May 23, 2014 | by The Paris Review
Karl Ove Knausgaard’s My Struggle—judging by the half that’s been translated into English—is a tough book for a critic to grapple with: a six-volume autobiographical novel that can spend fifty pages describing a teenage beer run or a second-grader’s first day at school. The book was a sensation when it appeared in Norway, five years ago; since then it has fascinated (and puzzled) many readers in America, from James Wood and Zadie Smith to Jonathan Lethem. Volume Three is my favorite so far, though no doubt the effect is cumulative: I’ve never read such a vivid depiction of ordinary child abuse—the legal, non-sexual kind—from a child’s point of view; I have never seen a writer evoke the world of child’s play so vividly, or the view from the back seat of a car on a long drive. Not everyone feels the love. In The Nation, the irascible William Deresiewicz dismisses My Struggle as a “giant selfie,” wishes Knausgaard wrote more like John Updike or Saul Bellow, and chalks up the enthusiasm of his fans to narcissism: “The spectacle of a fellow author’s self-revelation . . . has obvious professional significance.” It’s rarely a good sign when a reviewer vents his spleen on other readers. For a corrective, see Ben Lerner in the London Review of Books. Lerner notices all the same things as Deresiewicz—Knausgaard’s use of cliche, his digressions, his seeming lack of form or invention—then tries, brilliantly and persuasively, to explain why they work. Lerner places My Struggle in a long tradition of novels at war with novelistic convention, a tradition that he associates with the avant garde and that others might call realism itself.

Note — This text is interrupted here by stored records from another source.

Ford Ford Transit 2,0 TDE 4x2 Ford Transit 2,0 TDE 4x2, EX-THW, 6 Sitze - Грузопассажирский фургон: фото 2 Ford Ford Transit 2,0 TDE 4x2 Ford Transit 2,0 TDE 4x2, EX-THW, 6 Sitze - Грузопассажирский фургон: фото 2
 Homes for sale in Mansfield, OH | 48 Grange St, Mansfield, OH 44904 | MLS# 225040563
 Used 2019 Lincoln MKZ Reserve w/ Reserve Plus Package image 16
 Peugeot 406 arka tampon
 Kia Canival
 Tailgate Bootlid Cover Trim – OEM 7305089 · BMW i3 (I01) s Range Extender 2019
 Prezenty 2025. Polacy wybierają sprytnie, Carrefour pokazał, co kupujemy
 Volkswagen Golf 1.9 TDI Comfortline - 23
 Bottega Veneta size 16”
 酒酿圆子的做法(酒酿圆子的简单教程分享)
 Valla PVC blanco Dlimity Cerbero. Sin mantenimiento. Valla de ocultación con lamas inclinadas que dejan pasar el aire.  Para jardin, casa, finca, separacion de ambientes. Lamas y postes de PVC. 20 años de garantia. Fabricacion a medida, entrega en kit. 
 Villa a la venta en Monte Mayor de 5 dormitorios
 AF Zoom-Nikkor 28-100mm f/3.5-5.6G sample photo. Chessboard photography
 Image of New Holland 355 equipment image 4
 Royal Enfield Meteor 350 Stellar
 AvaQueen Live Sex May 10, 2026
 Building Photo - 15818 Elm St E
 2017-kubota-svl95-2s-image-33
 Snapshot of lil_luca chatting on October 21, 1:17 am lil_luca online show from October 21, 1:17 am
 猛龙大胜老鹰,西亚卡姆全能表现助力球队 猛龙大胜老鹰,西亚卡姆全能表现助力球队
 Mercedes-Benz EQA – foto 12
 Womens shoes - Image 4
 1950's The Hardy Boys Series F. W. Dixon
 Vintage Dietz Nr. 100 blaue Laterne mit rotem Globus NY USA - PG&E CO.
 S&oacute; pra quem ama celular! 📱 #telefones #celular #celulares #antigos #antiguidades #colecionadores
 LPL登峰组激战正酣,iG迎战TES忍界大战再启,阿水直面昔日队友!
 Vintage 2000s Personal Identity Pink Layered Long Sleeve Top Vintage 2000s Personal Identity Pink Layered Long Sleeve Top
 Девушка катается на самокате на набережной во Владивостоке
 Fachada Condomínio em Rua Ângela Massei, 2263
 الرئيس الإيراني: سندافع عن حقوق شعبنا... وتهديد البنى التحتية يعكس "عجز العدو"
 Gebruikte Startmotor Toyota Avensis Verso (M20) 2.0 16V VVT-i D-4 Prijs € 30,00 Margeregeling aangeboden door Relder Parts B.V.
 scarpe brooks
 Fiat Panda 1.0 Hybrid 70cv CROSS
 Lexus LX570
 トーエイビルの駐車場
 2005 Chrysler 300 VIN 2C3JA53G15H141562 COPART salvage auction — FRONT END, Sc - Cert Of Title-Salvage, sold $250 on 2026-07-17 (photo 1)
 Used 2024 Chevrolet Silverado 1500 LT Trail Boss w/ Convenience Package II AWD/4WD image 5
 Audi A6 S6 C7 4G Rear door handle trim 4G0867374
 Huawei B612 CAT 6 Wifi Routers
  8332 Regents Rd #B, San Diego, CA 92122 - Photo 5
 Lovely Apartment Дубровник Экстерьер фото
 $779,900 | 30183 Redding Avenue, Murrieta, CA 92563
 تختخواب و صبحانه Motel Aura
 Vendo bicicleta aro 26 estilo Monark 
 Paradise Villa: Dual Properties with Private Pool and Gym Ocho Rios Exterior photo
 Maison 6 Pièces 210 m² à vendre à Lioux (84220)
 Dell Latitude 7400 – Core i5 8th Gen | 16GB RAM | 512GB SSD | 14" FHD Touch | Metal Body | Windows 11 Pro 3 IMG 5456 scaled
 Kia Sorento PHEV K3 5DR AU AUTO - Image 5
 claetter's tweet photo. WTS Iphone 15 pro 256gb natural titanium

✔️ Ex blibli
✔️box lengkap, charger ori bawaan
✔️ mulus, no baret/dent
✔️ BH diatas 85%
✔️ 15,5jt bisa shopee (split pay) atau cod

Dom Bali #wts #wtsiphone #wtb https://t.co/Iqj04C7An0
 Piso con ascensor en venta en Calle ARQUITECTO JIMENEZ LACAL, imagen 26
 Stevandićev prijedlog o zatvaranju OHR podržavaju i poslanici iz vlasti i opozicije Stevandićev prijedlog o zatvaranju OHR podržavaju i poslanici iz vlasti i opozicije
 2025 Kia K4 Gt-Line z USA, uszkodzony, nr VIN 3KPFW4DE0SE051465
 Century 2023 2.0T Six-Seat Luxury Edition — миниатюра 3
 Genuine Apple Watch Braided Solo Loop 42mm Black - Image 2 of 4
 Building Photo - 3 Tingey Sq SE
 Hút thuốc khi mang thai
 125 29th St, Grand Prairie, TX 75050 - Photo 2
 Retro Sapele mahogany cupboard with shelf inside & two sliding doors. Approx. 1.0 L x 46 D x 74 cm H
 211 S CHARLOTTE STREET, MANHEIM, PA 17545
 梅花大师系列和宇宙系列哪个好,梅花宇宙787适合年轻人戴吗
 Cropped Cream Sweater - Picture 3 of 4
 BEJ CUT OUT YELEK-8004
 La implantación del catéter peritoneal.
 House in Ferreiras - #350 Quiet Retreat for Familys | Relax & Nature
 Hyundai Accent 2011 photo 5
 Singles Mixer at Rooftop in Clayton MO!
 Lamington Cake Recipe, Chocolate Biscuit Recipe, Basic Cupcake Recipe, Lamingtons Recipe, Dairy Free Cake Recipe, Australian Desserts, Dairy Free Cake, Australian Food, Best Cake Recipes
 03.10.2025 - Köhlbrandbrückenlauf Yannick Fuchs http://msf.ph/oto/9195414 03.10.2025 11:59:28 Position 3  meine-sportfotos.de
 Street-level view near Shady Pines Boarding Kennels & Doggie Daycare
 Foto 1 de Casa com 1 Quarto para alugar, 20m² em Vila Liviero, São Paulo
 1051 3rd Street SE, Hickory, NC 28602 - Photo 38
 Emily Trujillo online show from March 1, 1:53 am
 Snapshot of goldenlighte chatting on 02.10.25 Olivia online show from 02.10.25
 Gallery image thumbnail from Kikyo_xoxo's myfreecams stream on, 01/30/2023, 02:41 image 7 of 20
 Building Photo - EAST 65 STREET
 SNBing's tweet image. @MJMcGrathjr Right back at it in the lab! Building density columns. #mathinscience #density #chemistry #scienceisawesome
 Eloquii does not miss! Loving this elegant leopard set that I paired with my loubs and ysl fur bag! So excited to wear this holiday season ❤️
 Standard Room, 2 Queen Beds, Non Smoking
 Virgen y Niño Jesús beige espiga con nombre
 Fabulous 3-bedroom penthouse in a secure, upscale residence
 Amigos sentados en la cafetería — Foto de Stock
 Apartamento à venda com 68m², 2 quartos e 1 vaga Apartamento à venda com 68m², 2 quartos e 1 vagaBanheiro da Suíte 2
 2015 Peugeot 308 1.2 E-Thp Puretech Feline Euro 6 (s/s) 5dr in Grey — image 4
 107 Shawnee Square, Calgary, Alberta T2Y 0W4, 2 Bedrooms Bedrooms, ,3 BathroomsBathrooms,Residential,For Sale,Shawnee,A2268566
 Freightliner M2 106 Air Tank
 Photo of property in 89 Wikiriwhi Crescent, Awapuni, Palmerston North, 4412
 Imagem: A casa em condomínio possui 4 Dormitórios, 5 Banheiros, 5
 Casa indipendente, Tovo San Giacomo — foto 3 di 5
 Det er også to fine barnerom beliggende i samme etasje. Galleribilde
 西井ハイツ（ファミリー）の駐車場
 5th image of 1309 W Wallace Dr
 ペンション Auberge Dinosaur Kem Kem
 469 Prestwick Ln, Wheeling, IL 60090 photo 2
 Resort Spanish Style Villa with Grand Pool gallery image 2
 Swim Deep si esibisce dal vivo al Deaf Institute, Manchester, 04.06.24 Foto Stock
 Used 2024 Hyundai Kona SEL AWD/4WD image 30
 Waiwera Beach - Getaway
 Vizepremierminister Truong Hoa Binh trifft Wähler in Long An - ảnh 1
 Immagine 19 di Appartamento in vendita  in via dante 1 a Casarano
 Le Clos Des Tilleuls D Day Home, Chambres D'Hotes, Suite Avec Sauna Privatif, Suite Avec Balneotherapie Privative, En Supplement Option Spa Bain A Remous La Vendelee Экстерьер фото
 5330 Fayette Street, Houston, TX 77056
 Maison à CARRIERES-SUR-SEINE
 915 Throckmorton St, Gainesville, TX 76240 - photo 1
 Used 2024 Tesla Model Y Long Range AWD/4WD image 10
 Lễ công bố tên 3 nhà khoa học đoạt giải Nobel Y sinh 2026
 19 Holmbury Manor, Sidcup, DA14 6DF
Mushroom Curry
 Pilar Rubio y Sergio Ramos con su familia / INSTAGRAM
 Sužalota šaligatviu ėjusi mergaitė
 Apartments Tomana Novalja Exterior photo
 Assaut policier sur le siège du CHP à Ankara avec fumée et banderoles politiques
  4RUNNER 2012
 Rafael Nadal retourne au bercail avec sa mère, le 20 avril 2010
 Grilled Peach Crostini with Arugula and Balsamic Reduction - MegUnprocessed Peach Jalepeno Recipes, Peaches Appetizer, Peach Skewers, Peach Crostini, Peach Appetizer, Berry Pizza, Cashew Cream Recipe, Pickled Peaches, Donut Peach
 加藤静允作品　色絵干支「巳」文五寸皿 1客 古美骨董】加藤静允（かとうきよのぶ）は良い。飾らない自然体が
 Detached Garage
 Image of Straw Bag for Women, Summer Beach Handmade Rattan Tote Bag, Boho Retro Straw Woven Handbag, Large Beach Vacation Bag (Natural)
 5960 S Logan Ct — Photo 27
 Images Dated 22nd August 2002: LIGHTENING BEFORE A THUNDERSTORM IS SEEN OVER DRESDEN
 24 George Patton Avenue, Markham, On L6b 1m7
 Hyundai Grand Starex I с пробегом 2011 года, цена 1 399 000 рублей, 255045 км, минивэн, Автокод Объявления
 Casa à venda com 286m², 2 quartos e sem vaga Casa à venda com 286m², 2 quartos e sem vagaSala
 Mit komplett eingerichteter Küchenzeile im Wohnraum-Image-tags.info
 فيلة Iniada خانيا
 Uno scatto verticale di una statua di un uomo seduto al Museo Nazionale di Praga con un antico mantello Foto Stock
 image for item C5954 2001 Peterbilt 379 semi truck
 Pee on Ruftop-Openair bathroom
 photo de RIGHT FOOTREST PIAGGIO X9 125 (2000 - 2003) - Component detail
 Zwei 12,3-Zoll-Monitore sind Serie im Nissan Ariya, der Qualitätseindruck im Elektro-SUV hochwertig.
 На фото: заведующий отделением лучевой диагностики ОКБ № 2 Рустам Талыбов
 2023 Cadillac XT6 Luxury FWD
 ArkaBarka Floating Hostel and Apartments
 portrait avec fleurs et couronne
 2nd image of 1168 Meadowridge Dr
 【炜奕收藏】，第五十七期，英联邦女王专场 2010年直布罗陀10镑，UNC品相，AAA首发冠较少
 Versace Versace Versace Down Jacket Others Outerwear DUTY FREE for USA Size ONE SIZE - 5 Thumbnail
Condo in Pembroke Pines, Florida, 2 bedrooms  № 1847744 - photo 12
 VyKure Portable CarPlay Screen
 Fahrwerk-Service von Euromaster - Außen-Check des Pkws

Agree with it or not, this is actual criticism. As Lerner writes: “It’s easy to marshal examples of what makes My Struggle mediocre. The problem is: it’s amazing.” —Lorin Stein
On Wednesday night, I had the great pleasure of seeing an interview with D’Angelo, perhaps the most gifted, elusive artist working in R&B—he’s ascended into the pantheon with Sly Stone and Prince, visionary but inscrutable. With 2000’s Voodoo, D’Angelo made what remains the definitive soul record of the past fifteen years, a languid, earthy tour de force that borrows in equal measure from the church and the street. Since then, he hasn’t released a thing; he’s scarcely even performed in public. So his appearance on Wednesday had a sense of anticipation: would he announce a new album? He didn’t, but he was such a gracious, remarkable, casual speaker that it didn’t matter. NPR has posted a transcript of the conversation, which was held before a sold-out crowd at Brooklyn Museum. It touches on his adolescence in Richmond, Virginia; his painstaking, deeply hermetic recording process; and his gospel-inflected approach to songwriting. Nelson George, the interviewer, put it best when he told D’Angelo, “You’re one of the few people who has mystique, you know that. I mean in the age of TMZ and all that stuff … there’s an aura still about your career. It’s very unusual today for anybody to have any mystery left.” —Dan Piepenbring
I recently unearthed a 1999 LRB review by Edward Said of a tennis anthology edited by the novelist Caryl Phillips. When I think of tennis, I don’t think of Said (nor do I imagine Phillips, for that matter)—all the more reason to give it my attention. I also have a vested interest in tennis. My father grew up in Forest Hills, Queens, and played near the West Side Tennis Club (the club wouldn’t let Jews join, but he did see early professionals such as Rod Laver, Ken Rosewall, and a sixteen-year-old Chris Evert play there); his father played competitive tennis into his early nineties (the pool of players in his age group was quite small, as you might imagine); and I grew up watching tennis matches on television with my parents and trying to learn the sport myself. Though I only sometimes watch Wimbledon or the US Open now, I can tell the stakes have changed. As Said bemoans, tennis has largely lost its amateur class, and its league of professional players are “technical specialists” ruined by commercial interests. Federer is lovely to watch, but his recent dominance of the game was boring. The women’s game, Said points out, retains its “human pace” and “inventiveness.” That no single woman dominates the sport makes the matches more fun to watch, more exciting, more … sporting. —Nicole Rudick
In 1934, Oscar Reutersvärd pioneered the modeling of “impossible objects,” two-dimensional figures that project a three-dimensional object when viewed from a particular direction. The puzzle game “Monument Valley,” available on both iOS and Android, is built on this optical illusion—a sort of architectural Sudoku. It allows the player to interact with the isometric environment of dead-end paths and trick doors, moving the game’s protagonist, Ida, through gaps that seem to defy logic. The game is one of the most beautiful I’ve ever played. It’s like, as many have noted, an M. C. Escher drawing brought to life. The game designer Ken Wong told Wired, “We hope players will stay engaged for the same reasons they might enjoy a walk through a museum or an art gallery.” —Justin Alvarez Read More »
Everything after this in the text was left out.